With COP26 underway and the world’s leaders discussing ways to collaborate and devise a positive plan of action, it’s a timely moment to reassess the design industry and its environmental impact. And looking at the interiors sector in particular, there are many ways it can reduce its footprint, with small actions that en masse can result in major global change.
Exploring the potential for a second life of every product is one good place to start – can it be reused, repurposed, or recycled? And as consumers, the notion of buying less but buying better is key. While buying antiques, vintage pieces and second-hand furniture has an important part to play, there will always be times where we need to buy new. In these instances, opting for brands and designers that can give full traceability of each piece is the ideal.
Stefan Dodds, co-founder of Dodds and Shute, a design-led firm dedicated to sourcing the most sustainable products, agrees that everyone needs to be buying from responsible and transparent businesses. “We need to recognise that sometimes, there is slightly more inconvenience in doing this,” he says. “Always ask questions of the brands you’re purchasing from – where are the goods made, what is the company’s sustainability policy, what does the company do to eliminate modern slavery in their supply chain? If people can’t answer these or aren’t willing to investigate them, this should be an alarm bell.”

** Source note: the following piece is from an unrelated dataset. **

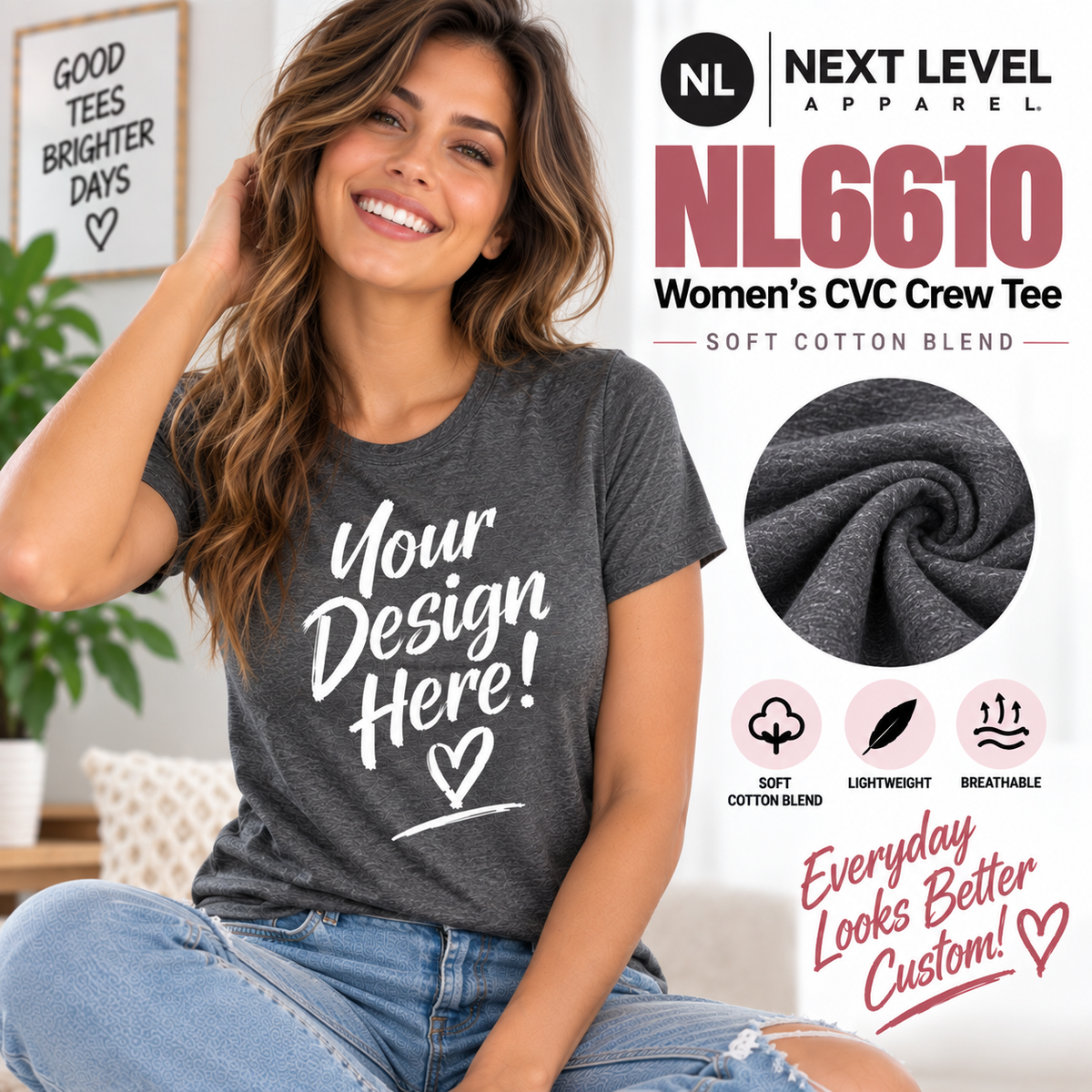 Next Level Women's CVC Crew Tee  | Soft Cotton Blend (NL6610)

While this places an increased onus on consumers to do their research, it is vital that brands also ensure they are communicating effectively to eliminate this pressure and offer consumers a real insight into such area. This commitment from brands, coupled with consumer shifts, could result in further positive change at a quicker pace. “We need to get away from the throwaway culture we are used to,” Dodds continues. “For example, when you’re buying a sofa, think about keeping it for the rest of your life.”
We cannot afford to sit back and wait for someone else to sort the problem out.Fiona Ginnett, director of kitchen studio HØLTE
Jennifer Manners – a former news journalist and now an award-winning textile designer – has taken a practical and highly effective approach to co-opting that throwaway culture. Realising that high performance (in other words, durability and ease of cleaning) is a desirable quality in rugs, and keen to increase their sustainability, she researched fibres made from recycled plastic bottles – the polyethylene that ends up in vast quantities in the ocean.

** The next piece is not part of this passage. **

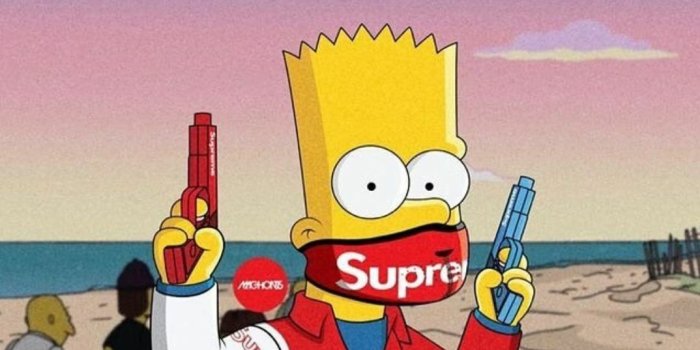 1074x1069 Bart - Bart Simpson Com Mascara Da Supreme, Hd Wallpapers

Manners quickly discovered that options were limited, and certainly not up to the requirements of high-end textile design. Instead, she invested considerable time and resources into creating her own fibres, comparable to the feel of wool, and which won her a Best Sustainable Product award at Decorex. What is so compelling about Manners’ approach is that the result is a product that is both sustainable and highly desirable.
Taking an alternative approach, Jules Haines founded The Haines Collection two years ago to create more circularity within the textiles arena. A platform dedicated to the reselling of unwanted textiles and home accessories, it includes fabrics from designers like Kit Kemp, with brands now seeing the benefit of utilising such an infrastructure rather than sending them to landfill.

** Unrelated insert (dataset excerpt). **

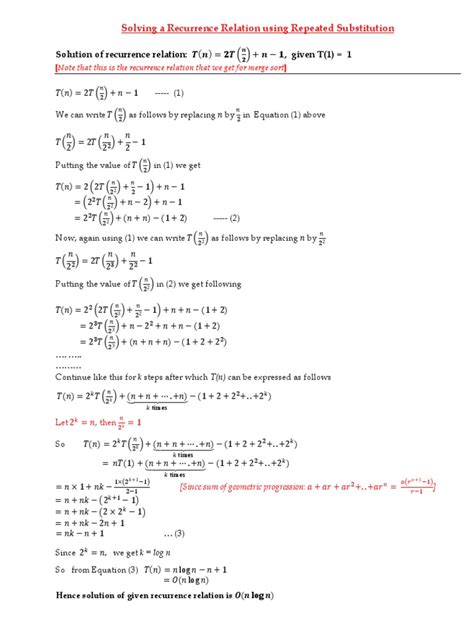 application of recurrence relation in discrete mathematics pdf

“With textile waste being a well-known problem in the fashion industry, we plan to highlight how much textile waste is from homeware and furnishing fabrics,” says Haines. “42% of textile waste in UK landfill is from the home, which means it’s a huge problem that we need to address. Brands initially were slow to understand but two years on, thankfully it is a different story and people are becoming increasingly conscious.”
Entrepreneurs like Haines are providing hope that transformation is possible, and with the platform seeking to expand into new areas, it can facilitate such transitions across the whole industry.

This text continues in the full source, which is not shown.